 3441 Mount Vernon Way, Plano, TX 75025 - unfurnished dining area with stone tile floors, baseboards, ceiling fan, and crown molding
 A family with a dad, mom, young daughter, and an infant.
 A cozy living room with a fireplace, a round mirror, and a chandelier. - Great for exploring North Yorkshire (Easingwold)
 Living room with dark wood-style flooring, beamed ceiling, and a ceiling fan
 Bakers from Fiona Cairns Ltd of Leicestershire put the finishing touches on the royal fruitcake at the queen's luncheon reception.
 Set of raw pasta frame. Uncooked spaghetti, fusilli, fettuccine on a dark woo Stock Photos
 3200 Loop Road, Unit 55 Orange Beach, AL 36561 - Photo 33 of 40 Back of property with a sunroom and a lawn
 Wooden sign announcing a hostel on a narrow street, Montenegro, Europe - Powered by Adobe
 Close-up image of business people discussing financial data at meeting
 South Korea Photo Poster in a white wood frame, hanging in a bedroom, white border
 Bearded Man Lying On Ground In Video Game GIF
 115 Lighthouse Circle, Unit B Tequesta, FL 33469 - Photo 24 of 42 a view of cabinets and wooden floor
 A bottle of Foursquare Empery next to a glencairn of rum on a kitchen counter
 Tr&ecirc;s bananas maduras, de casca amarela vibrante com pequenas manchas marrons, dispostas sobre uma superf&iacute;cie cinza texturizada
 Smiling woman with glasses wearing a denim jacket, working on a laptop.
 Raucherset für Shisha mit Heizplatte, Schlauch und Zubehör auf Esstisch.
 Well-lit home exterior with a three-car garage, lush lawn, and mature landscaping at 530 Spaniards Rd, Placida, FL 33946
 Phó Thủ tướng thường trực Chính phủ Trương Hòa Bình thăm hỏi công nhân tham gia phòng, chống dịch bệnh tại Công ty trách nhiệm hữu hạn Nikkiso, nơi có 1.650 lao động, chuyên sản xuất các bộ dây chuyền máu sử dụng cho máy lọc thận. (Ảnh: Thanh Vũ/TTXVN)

[WORK TASK] Output nothing but the lines from the one with "3200 Loop Road, Unit" through the last line above, each exactly as it stands.

[EXPECTED OUTPUT]
 3200 Loop Road, Unit 55 Orange Beach, AL 36561 - Photo 33 of 40 Back of property with a sunroom and a lawn
 Wooden sign announcing a hostel on a narrow street, Montenegro, Europe - Powered by Adobe
 Close-up image of business people discussing financial data at meeting
 South Korea Photo Poster in a white wood frame, hanging in a bedroom, white border
 Bearded Man Lying On Ground In Video Game GIF
 115 Lighthouse Circle, Unit B Tequesta, FL 33469 - Photo 24 of 42 a view of cabinets and wooden floor
 A bottle of Foursquare Empery next to a glencairn of rum on a kitchen counter
 Tr&ecirc;s bananas maduras, de casca amarela vibrante com pequenas manchas marrons, dispostas sobre uma superf&iacute;cie cinza texturizada
 Smiling woman with glasses wearing a denim jacket, working on a laptop.
 Raucherset für Shisha mit Heizplatte, Schlauch und Zubehör auf Esstisch.
 Well-lit home exterior with a three-car garage, lush lawn, and mature landscaping at 530 Spaniards Rd, Placida, FL 33946
 Phó Thủ tướng thường trực Chính phủ Trương Hòa Bình thăm hỏi công nhân tham gia phòng, chống dịch bệnh tại Công ty trách nhiệm hữu hạn Nikkiso, nơi có 1.650 lao động, chuyên sản xuất các bộ dây chuyền máu sử dụng cho máy lọc thận. (Ảnh: Thanh Vũ/TTXVN)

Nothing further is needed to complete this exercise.